10.7 Strings

Because of the ``equivalence'' of arrays and pointers, it is extremely common to refer to and manipulate strings as character pointers, or char *'s. It is so common, in fact, that it is easy to forget that strings are arrays, and to imagine that they're represented by pointers. (Actually, in the case of strings, it may not even matter that much if the distinction gets a little blurred; there's certainly nothing wrong with referring to a character pointer, suitably initialized, as a ``string.'') Let's look at a few of the implications:

  1. Any function that manipulates a string will actually accept it as a char * argument. The caller may pass an array containing a string, but the function will receive a pointer to the array's (string's) first element (character).
  2. The %s format in printf expects a character pointer.
  3. Although you have to use strcpy to copy a string from one array to another, you can use simple pointer assignment to assign a string to a pointer. The string being assigned might either be in an array or pointed to by another pointer. In other words, given
    	char string[] = "Hello, world!";
    	char *p1, *p2;
    	p1 = string
    	p2 = p1
    are legal. (Remember, though, that when you assign a pointer, you're making a copy of the pointer but not of the data it points to. In the first example, p1 ends up pointing to the string in string. In the second example, p2 ends up pointing to the same string as p1. In any case, after a pointer assignment, if you ever change the string (or other data) pointed to, the change is ``visible'' to both pointers.
  4. Many programs manipulate strings exclusively using character pointers, never explicitly declaring any actual arrays. As long as these programs are careful to allocate appropriate memory for the strings, they're perfectly valid and correct.

When you start working heavily with strings, however, you have to be aware of one subtle fact.

When you initialize a character array with a string constant:

	char string[] = "Hello, world!";
you end up with an array containing the string, and you can modify the array's contents to your heart's content:
	string[0] = 'J';
However, it's possible to use string constants (the formal term is string literals) at other places in your code. Since they're arrays, the compiler generates pointers to their first elements when they're used in expressions, as usual. That is, if you say
	char *p1 = "Hello";
	int len = strlen("world");
it's almost as if you'd said
	char internal_string_1[] = "Hello";
	char internal_string_2[] = "world";
	char *p1 = &internal_string_1[0];
	int len = strlen(&internal_string_2[0]);
Here, the arrays named internal_string_1 and internal_string_2 are supposed to suggest the fact that the compiler is actually generating little temporary arrays every time you use a string constant in your code. However, the subtle fact is that the arrays which are ``behind'' the string constants are not necessarily modifiable. In particular, the compiler may store them in read-only-memory. Therefore, if you write
	char *p3 = "Hello, world!";
	p3[0] = 'J';
your program may crash, because it may try to store a value (in this case, the character 'J') into nonwritable memory.
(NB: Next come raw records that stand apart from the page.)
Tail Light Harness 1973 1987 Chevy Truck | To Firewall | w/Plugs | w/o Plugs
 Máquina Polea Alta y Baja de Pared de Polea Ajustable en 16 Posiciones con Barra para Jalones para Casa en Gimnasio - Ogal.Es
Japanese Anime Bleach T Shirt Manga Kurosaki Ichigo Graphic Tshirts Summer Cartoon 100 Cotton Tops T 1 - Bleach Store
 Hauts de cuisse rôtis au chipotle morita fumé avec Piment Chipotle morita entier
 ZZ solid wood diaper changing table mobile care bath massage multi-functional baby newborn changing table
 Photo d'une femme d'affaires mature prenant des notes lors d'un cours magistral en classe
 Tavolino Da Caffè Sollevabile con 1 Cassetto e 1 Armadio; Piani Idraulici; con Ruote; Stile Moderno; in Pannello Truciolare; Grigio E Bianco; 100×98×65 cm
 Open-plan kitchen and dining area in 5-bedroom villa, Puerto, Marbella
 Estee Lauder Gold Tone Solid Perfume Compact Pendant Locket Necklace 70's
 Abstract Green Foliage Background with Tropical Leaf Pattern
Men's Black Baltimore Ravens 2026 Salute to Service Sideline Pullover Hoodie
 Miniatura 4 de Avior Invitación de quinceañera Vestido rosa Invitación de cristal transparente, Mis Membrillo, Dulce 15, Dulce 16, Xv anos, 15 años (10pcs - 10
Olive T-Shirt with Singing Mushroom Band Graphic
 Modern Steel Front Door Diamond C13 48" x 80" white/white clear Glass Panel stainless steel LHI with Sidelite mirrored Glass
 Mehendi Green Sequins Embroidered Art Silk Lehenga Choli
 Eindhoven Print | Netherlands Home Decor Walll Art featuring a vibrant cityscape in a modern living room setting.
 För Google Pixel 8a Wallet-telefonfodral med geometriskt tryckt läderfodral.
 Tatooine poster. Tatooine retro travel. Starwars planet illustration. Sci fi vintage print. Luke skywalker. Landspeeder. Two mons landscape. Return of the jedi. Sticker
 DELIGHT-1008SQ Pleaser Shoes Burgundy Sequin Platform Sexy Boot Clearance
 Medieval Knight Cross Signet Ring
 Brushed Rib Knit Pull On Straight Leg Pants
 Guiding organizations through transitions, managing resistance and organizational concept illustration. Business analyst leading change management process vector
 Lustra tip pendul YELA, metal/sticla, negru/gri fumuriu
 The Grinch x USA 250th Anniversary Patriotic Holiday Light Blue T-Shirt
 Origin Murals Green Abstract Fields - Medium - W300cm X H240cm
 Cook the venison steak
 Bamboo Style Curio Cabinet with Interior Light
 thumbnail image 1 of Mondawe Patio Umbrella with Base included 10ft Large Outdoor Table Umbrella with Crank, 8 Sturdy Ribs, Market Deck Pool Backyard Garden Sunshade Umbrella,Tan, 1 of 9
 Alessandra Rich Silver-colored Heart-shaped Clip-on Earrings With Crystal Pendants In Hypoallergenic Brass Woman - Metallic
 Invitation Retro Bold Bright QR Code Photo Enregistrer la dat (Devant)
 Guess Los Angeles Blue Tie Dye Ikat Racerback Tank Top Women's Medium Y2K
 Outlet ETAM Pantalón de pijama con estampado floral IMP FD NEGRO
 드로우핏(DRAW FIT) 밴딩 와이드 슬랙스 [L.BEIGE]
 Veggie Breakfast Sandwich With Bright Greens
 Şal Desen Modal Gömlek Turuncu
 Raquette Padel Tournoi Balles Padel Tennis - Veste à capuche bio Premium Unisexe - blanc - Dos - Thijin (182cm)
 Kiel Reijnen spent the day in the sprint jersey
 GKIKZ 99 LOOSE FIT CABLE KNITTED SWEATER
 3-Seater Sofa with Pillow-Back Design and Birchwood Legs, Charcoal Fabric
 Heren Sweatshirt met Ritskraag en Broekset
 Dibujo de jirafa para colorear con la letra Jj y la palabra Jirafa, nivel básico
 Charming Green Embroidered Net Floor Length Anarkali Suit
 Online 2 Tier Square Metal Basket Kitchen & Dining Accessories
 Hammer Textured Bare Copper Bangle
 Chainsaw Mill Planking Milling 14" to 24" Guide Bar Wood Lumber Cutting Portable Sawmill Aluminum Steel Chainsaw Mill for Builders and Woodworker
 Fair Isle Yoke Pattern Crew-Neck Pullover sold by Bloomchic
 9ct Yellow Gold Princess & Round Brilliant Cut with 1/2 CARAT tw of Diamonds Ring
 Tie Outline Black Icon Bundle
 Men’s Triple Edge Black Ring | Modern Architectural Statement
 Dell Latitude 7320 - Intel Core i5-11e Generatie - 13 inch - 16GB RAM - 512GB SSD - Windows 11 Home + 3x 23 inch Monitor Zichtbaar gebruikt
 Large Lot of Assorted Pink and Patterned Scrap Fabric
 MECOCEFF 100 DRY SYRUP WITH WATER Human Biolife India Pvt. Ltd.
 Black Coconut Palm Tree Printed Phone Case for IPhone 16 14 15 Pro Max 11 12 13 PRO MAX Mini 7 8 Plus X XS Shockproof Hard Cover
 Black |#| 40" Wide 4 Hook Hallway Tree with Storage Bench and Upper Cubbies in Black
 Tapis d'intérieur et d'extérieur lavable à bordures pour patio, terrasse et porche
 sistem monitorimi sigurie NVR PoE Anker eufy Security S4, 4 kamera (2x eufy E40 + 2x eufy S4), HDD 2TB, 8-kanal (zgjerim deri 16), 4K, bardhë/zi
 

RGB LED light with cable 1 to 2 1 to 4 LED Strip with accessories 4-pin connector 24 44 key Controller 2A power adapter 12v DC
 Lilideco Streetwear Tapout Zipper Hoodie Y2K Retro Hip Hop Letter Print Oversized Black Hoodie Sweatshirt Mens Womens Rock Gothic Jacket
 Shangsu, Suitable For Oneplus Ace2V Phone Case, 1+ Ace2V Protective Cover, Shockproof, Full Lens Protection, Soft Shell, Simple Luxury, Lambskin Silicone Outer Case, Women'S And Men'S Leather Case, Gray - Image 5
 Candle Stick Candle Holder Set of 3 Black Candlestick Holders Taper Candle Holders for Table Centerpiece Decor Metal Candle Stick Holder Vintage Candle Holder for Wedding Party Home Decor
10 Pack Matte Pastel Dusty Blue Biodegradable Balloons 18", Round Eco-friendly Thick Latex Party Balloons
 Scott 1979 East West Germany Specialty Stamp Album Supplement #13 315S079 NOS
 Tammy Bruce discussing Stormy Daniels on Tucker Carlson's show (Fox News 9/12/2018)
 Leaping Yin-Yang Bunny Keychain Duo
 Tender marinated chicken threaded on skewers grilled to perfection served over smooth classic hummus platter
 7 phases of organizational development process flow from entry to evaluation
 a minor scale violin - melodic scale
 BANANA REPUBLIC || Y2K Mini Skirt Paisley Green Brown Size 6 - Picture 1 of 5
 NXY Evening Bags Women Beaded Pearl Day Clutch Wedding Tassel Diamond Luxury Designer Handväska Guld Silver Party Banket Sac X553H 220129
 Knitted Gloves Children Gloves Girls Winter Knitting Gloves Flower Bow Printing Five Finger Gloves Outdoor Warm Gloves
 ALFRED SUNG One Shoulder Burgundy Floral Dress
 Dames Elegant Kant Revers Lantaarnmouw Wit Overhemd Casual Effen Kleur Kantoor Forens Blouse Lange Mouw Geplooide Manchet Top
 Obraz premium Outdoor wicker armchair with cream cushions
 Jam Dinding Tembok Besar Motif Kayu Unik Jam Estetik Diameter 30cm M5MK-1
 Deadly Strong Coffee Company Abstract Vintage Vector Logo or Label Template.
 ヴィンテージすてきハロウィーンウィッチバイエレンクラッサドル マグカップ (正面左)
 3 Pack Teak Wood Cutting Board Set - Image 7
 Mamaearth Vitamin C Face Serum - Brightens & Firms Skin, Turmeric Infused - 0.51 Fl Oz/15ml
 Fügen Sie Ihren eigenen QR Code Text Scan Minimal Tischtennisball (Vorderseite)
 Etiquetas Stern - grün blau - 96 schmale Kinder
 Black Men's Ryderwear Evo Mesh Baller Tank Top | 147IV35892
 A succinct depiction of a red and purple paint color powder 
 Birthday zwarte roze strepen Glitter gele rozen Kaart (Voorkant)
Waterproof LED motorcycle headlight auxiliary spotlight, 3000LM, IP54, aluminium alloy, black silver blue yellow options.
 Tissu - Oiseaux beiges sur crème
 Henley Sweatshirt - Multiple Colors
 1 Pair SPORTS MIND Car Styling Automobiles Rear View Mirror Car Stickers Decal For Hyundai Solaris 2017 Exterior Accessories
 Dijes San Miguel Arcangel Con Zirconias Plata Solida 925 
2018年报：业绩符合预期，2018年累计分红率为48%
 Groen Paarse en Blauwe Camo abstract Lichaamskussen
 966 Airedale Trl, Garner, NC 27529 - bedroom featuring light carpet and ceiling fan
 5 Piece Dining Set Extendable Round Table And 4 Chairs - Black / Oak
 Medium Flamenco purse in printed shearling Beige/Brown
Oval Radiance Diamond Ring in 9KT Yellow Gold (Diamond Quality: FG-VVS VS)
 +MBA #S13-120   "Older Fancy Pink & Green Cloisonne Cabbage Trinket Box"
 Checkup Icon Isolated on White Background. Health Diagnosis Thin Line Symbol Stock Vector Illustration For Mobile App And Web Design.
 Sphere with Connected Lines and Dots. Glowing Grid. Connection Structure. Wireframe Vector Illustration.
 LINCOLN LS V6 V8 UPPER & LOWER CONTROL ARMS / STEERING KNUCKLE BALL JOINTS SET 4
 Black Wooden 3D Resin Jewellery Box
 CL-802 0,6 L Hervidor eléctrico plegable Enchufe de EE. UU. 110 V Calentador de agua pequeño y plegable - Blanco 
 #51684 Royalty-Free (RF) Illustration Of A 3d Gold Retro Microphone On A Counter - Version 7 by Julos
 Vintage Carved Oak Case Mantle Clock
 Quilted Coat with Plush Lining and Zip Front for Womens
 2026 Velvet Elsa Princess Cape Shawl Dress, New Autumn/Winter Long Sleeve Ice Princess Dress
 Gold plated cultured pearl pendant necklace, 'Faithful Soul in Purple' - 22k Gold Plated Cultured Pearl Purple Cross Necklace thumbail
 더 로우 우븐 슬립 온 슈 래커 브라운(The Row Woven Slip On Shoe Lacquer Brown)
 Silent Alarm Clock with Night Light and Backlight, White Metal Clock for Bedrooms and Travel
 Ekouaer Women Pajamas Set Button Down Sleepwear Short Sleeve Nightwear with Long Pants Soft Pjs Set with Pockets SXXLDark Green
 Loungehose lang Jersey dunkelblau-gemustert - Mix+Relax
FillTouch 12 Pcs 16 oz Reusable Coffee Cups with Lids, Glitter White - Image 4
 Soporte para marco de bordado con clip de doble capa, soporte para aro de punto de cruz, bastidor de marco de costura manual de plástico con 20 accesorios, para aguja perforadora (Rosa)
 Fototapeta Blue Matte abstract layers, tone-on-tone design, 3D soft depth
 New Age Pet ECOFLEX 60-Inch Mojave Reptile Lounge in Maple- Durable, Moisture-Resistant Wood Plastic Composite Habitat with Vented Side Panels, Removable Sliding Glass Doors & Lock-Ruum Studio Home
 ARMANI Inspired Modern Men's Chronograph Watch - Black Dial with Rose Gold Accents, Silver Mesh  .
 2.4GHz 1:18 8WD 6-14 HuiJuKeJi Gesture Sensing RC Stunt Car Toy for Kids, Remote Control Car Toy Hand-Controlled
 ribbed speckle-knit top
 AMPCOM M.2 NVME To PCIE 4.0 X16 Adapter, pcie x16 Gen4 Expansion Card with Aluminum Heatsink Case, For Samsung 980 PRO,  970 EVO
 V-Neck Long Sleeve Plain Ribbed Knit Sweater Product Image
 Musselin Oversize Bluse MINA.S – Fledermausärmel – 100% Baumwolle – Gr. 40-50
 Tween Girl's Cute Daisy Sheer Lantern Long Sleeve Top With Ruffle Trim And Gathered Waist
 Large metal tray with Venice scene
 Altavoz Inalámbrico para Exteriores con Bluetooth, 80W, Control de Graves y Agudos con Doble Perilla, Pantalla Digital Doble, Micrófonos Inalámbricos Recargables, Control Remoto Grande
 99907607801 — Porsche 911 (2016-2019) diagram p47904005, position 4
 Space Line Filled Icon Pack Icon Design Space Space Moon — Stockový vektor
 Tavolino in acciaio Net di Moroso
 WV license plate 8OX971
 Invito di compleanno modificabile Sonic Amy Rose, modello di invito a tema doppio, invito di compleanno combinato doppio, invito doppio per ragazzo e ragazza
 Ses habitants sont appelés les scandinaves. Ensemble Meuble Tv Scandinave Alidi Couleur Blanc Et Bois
The moral is that whenever you're building or modifying strings, you have to make sure that the memory you're building or modifying them in is writable. That memory should either be an array you've allocated, or some memory which you've dynamically allocated by the techniques which we'll see in the next chapter. Make sure that no part of your program will ever try to modify a string which is actually one of the unnamed, unwritable arrays which the compiler generated for you in response to one of your string constants. (The only exception is array initialization, because if you write to such an array, you're writing to the array, not to the string literal which you used to initialize the array.)